Soak the dried mushrooms in cold water for at least 5 hours or overnight. Rinse mushrooms under running water. Drain. Add 1 tablespoon corn starch. Rub the mushrooms all over with the starch to remove dirt. Rinse. Remove the stems with scissors. Squeeze out as much water as possible. Pat dry with paper towels. Cut into ¼-inch dices. Set aside.
Wash the spinach thoroughly for at least 2 times to remove all the sand and dirt. Drain. If there are roots, cut to remove.
For the pork, cut into thin strips. Then, cut the strips into tiny dices. Gather the meat together, pat down slightly. Chop repeatedly and rapidly, fold and chop again. Repeat the same motions until the meat turns into ground meat.

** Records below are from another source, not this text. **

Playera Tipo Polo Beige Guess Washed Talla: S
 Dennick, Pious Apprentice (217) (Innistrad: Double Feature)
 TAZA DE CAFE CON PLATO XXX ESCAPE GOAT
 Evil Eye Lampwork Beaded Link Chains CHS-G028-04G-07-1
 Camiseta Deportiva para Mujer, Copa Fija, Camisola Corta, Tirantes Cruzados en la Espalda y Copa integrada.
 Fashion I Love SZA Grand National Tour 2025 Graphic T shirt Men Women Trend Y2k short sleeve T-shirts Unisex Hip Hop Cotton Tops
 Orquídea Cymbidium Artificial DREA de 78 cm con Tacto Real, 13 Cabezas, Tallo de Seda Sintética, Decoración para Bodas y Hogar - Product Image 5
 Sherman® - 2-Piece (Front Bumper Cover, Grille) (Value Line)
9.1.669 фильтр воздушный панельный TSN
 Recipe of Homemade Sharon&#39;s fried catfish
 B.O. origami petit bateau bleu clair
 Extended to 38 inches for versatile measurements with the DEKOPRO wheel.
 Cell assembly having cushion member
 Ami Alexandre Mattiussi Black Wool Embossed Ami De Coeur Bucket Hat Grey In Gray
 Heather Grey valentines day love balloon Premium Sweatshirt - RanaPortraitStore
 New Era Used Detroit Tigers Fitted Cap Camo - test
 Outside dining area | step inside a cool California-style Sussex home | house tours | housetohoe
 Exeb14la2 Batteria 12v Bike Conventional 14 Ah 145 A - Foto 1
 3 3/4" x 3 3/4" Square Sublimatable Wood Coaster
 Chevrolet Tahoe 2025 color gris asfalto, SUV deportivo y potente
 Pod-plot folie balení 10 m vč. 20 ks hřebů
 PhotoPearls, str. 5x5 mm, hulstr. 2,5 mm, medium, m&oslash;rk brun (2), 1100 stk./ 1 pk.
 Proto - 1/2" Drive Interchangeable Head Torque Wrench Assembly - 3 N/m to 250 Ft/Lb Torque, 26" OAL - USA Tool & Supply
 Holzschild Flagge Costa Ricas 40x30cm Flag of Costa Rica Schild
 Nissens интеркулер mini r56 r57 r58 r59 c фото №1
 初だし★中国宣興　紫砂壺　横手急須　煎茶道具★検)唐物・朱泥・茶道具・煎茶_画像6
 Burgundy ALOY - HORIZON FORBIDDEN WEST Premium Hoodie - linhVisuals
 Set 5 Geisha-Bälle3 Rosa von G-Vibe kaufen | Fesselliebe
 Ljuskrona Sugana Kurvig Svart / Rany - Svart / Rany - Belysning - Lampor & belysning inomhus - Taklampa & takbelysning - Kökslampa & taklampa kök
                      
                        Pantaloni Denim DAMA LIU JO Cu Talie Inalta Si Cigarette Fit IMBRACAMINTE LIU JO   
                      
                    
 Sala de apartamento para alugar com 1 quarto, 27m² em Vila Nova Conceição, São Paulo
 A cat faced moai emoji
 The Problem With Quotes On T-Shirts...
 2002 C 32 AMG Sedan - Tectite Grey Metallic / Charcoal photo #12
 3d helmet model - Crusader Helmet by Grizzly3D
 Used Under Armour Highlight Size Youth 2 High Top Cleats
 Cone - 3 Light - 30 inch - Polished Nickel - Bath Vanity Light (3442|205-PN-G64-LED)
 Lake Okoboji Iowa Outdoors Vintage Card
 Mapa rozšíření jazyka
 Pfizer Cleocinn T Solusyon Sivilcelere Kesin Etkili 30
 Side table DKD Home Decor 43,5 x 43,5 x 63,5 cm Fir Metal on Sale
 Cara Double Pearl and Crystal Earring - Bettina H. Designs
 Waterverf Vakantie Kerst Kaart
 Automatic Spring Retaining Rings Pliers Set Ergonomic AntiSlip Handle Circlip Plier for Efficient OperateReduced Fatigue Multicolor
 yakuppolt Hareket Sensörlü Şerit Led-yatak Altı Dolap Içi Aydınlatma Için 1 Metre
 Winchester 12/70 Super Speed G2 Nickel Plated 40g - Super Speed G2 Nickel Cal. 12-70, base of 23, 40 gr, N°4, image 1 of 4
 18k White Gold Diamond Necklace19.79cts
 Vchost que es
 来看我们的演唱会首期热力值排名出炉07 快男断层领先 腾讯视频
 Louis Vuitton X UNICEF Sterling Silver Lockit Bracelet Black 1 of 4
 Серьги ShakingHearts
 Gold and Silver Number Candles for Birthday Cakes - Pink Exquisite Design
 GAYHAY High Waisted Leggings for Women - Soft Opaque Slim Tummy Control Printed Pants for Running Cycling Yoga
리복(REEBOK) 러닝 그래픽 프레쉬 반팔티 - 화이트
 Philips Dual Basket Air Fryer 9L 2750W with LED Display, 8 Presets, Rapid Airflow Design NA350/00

Transfer to a medium bowl. Stir for a few times until the meat is slightly sticky. Add marinade and mix well. Add the mushroom and mix again. Divide into 12 (1½-inch) portions. Roll into meatballs and squeeze tight slightly.
In a large pot over high heat, add 8 cups water. Bring to a boil. Once boiling, add spinach and cook the stems are just softened, about 2 – 3 minutes. Remove the spinach to a large bowl. Add the meatballs and cook until they float, about 3 – 4 minutes. Season with salt to your own taste. Return the spinach to pot and cook for 1 more minute. Turn off the heat. Transfer to serving bowls. Serve immediately.